Não se percebe que Anacleto, tão preocupado que está com os juízes que não respeitam a lei, fique em silêncio perante as acusações de diferentes desembargadores de que o Ivo Rosa exorbita as suas funções, invade o campo das competências de exclusivas do Ministério Público e impede os procuradores de investigar. Ou nada diga por Rosa ter perdido mais de 60% dos recursos num só processo.
É bonito ver que o conselheiro Anacleto partilha com José Sócrates, nem que seja pela omissão, a defesa que faz do juiz Ivo Rosa. São estas ironias do tempo que aproximam velhos rivais políticos — ao mesmo tempo que desprestigiam os políticos pela forma seletiva como apontam o dedo a quem lhe dá mais jeito atacar politicamente.
E a situação do caso Manuel Vicente em Angola? O conselheiro Anacleto nada tem para dizer sobre o facto de as autoridades angolanas terem colocado na gaveta a acusação de corrupção ativa de um procurador português que fizeram tudo para que fosse enviado para Angola?

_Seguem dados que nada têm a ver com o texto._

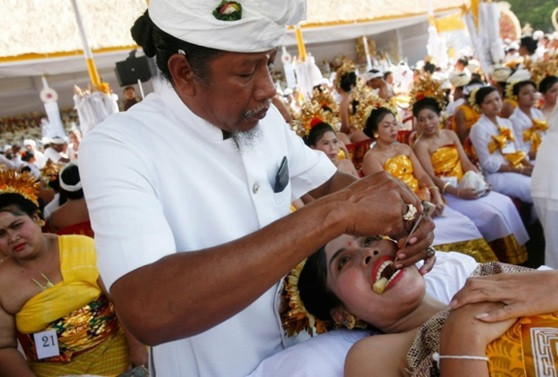 Mài răng trong đám cưới ở Bali, Indonesia: Ít ai biết rằng ở Bali có một nghi lễ đám cưới khác thường. Trước lễ ăn hỏi, cô dâu chú rể có tục lệ giũa 6 chiếc răng. Vào đêm trước đám cưới, cặp vợ chồng mới cưới sẽ cạo cả hai cặp răng cửa, cũng như răng nanh.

Os dois pesos e duas medidas que o Presidente João Lourenço está a ter com Isabel dos Santos e Manuel Vicente não desperta o seu instinto contra a injustiça e a desigualdade?
O conselheiro Anacleto, que tem sempre o seu dedo moralista pronto para apontar a tudo e a todos, nada tem para censurar a Marcelo Rebelo de Sousa e a António Costa sobre a pressão que colocaram sobre o poder judicial português para que os autos do caso Manuel Vicente fossem enviados para Luanda? Não diz o óbvio: Vicente deveria ter sido julgado em Portugal, já que foi acusado enquanto ex-presidente da Sonangol, logo não tem direito a qualquer imunidade?
Coitado do país que dependa do conselheiro Anacleto e das suas críticas seletivas e intelectualmente desonestas. Anacleto adaptará sempre os seus princípios às respetivas necessidades do momento. Porque essa é outra característica dos extremistas: o oportunismo.